Dataset excerpts:
- - -
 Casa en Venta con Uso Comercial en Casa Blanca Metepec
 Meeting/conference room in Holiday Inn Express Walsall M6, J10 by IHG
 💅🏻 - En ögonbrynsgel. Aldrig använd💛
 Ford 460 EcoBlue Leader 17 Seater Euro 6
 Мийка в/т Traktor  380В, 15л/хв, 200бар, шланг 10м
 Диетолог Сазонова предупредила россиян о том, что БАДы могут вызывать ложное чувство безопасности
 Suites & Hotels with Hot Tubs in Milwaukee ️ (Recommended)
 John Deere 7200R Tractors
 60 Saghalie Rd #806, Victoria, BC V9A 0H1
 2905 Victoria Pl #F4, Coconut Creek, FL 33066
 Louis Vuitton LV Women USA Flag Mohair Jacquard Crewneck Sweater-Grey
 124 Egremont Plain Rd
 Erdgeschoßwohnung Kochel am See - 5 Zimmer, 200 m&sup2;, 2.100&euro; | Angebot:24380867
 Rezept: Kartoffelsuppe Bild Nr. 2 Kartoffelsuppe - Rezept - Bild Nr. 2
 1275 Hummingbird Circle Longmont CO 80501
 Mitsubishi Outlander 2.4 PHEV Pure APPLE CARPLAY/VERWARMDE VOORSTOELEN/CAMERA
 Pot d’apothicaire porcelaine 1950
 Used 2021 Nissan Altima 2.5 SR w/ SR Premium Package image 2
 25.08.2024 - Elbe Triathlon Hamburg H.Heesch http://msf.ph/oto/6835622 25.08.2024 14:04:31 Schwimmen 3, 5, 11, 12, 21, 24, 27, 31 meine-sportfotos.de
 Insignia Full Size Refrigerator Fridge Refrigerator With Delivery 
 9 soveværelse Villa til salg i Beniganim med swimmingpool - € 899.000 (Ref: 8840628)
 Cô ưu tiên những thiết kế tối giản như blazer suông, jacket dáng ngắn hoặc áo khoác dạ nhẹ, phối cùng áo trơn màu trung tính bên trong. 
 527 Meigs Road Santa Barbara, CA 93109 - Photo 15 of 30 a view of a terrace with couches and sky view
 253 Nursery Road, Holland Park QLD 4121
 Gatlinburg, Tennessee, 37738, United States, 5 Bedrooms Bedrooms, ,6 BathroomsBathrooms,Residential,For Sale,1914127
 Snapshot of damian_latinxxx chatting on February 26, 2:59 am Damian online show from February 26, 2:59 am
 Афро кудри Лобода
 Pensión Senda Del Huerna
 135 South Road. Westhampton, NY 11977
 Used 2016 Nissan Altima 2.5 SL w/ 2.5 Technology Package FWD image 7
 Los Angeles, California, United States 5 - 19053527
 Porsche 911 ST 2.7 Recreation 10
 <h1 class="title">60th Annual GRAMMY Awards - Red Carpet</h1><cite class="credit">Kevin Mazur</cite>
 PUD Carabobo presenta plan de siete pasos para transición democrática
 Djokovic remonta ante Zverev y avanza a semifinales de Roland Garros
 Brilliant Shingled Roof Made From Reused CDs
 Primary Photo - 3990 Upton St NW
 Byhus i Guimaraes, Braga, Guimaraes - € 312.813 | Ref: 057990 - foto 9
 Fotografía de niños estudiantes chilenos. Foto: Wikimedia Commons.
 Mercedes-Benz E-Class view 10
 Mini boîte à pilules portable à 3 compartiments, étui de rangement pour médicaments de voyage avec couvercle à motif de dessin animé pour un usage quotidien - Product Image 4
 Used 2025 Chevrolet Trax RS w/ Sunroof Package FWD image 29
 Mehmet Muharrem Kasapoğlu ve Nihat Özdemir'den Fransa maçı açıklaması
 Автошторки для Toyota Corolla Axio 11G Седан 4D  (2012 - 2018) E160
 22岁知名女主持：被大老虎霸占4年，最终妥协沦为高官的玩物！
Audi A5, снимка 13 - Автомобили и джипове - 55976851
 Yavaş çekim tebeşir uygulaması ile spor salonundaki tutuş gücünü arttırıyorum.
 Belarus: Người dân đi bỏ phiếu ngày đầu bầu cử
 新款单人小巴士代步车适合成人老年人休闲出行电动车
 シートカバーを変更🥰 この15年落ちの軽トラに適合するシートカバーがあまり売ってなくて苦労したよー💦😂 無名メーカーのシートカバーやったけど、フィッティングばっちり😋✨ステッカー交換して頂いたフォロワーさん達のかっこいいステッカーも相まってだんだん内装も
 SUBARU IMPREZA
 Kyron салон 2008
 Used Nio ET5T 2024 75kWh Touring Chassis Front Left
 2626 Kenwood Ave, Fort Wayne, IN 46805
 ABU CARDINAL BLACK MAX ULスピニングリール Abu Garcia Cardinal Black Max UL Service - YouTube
- - -
TO DO: Write out again exactly the lines that run from the one holding "Los Angeles, California, United" through the last line of the data; omit all other lines.

RESULT OF THE EXERCISE:
 Los Angeles, California, United States 5 - 19053527
 Porsche 911 ST 2.7 Recreation 10
 <h1 class="title">60th Annual GRAMMY Awards - Red Carpet</h1><cite class="credit">Kevin Mazur</cite>
 PUD Carabobo presenta plan de siete pasos para transición democrática
 Djokovic remonta ante Zverev y avanza a semifinales de Roland Garros
 Brilliant Shingled Roof Made From Reused CDs
 Primary Photo - 3990 Upton St NW
 Byhus i Guimaraes, Braga, Guimaraes - € 312.813 | Ref: 057990 - foto 9
 Fotografía de niños estudiantes chilenos. Foto: Wikimedia Commons.
 Mercedes-Benz E-Class view 10
 Mini boîte à pilules portable à 3 compartiments, étui de rangement pour médicaments de voyage avec couvercle à motif de dessin animé pour un usage quotidien - Product Image 4
 Used 2025 Chevrolet Trax RS w/ Sunroof Package FWD image 29
 Mehmet Muharrem Kasapoğlu ve Nihat Özdemir'den Fransa maçı açıklaması
 Автошторки для Toyota Corolla Axio 11G Седан 4D  (2012 - 2018) E160
 22岁知名女主持：被大老虎霸占4年，最终妥协沦为高官的玩物！
Audi A5, снимка 13 - Автомобили и джипове - 55976851
 Yavaş çekim tebeşir uygulaması ile spor salonundaki tutuş gücünü arttırıyorum.
 Belarus: Người dân đi bỏ phiếu ngày đầu bầu cử
 新款单人小巴士代步车适合成人老年人休闲出行电动车
 シートカバーを変更🥰 この15年落ちの軽トラに適合するシートカバーがあまり売ってなくて苦労したよー💦😂 無名メーカーのシートカバーやったけど、フィッティングばっちり😋✨ステッカー交換して頂いたフォロワーさん達のかっこいいステッカーも相まってだんだん内装も
 SUBARU IMPREZA
 Kyron салон 2008
 Used Nio ET5T 2024 75kWh Touring Chassis Front Left
 2626 Kenwood Ave, Fort Wayne, IN 46805
 ABU CARDINAL BLACK MAX ULスピニングリール Abu Garcia Cardinal Black Max UL Service - YouTube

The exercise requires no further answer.